En fait l’Afghanistan reste fondamentalement ce qu’il a toujours été : un pays où seigneurs de la guerre et chefs tribaux affirment leur pouvoir, s’opposent ou s’allient au gré des circonstances. Le pouvoir central y reste structurellement faible et la population essaie de vivre, voire de survivre, au milieu de turbulences et de violences dont elles sont les principales victimes.

Ainsi pour les pays de l’OTAN, la question reste inchangée. Comment se retirer  en évitant que l’Afghanistan ne devienne à nouveau un refuge des mouvements radicaux qui retrouveraient ainsi une base à la fois de repli, d’entraînement et de projection pour des actions terroristes menaçant  pays voisins ou lointains ?
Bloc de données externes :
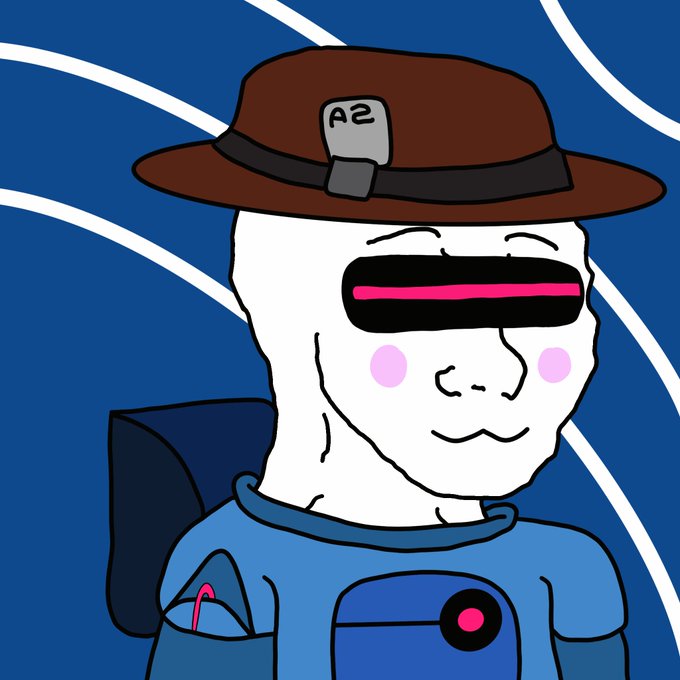 The image features a Wojak-style character wearing a brown hat with "A2" visible on it, a visor, and a blue jacket, set against a blue background with white swirling lines—appearing as a thank-you acknowledgment to @RojakNFT.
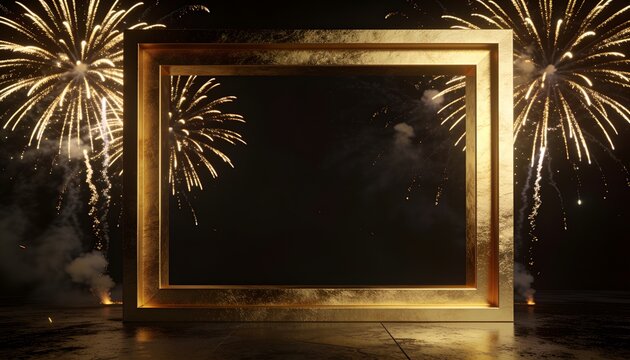 Shining large ornate rectangular gold frame catching fireworks light on stage, with pyro fountains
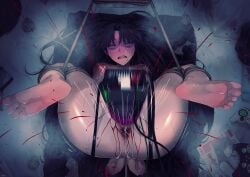 ass_in_air black_hair black_hair_female bleeding_from_anus bleeding_from_pussy blood_on_thigh blood_splatter blue_eyes blush bondage breasts bruise bruised_breast brutal_rape cable concerned cum cum_in_anus cum_in_pussy cum_spurt dildo dildo_in_pussy dildo_insertion electric_dildo evening eyes_rolling_back fainted fate/stay_night fate_(series) female_pubic_hair gaping_pussy long_hair_female lot_of_cum medium_breasts mosaic_censoring open_mouth pale_nipples pink_nipples pubic_hair pubic_stubble purple_breasts pussy rape red_face restrained rope rope_bondage semen shitappa0120 sole_female sweat sweating teenage_girl teenager violence violent_rape
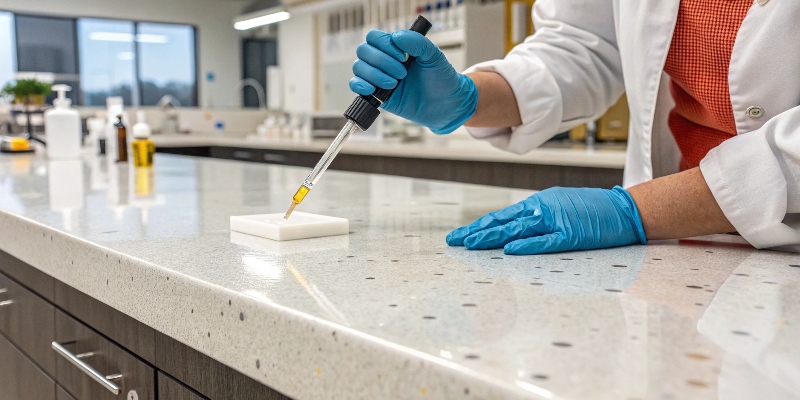 Testing quartz countertop durability a person performing a stain resistance test on a quartz countertop sample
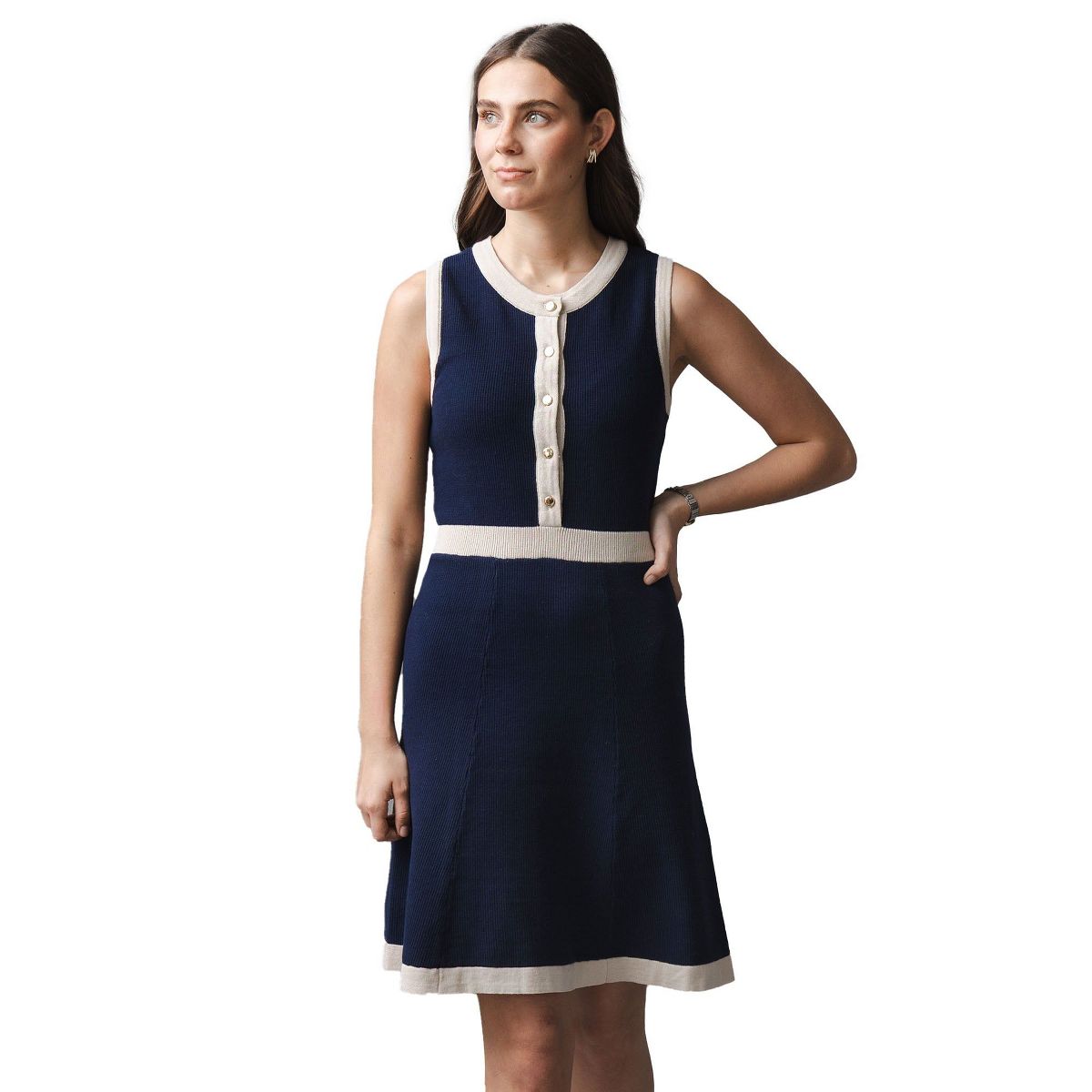 Hope & Henry Women's Organic Sleeveless Button Front Sweater Dress, Adult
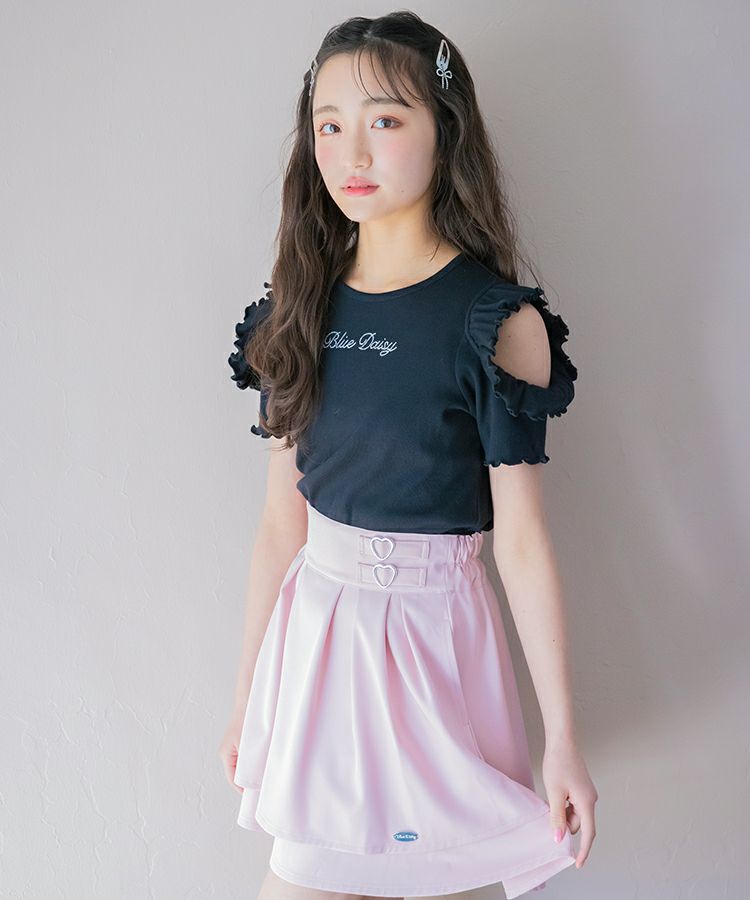 ダークブルー フリル付きトップス アームカバー付き肩あきフリルトップス | Blue Daisy Online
Lors d’un récent colloque tenu à Paris à l’initiative de la Fondation Jean Jaurès, Hubert Védrine estimait qu’il fallait «rester pour des raisons de vigilance aussi longtemps que nécessaire». Est-ce que cet objectif pourra encore être longtemps accepté par des opinions qui acceptent de moins en moins le coût financier et humain d’un engagement militaire incertain ? Telle est en effet la  question  fondamentale. Une seule chose est certaine : l’année 2010 s’annonce difficile.

(Publié le 26 février 2010)

Denis Bauchard

Denis Bauchard

Ancien diplomate, Denis Bauchard a effectué une grande partie de sa carrière au Moyen Orient ou à traiter des affaires de cette région au Ministère des Affaires étrangères. Il a été ambassadeur en Jordanie (1989-1993), puis directeur pour l’Afrique du Nord et le Moyen-Orient (1993-1996), directeur du cabinet du ministre des Affaires étrangères, Hervé de Charrette (1996-1997) et ambassadeur au Canada (1998-2001).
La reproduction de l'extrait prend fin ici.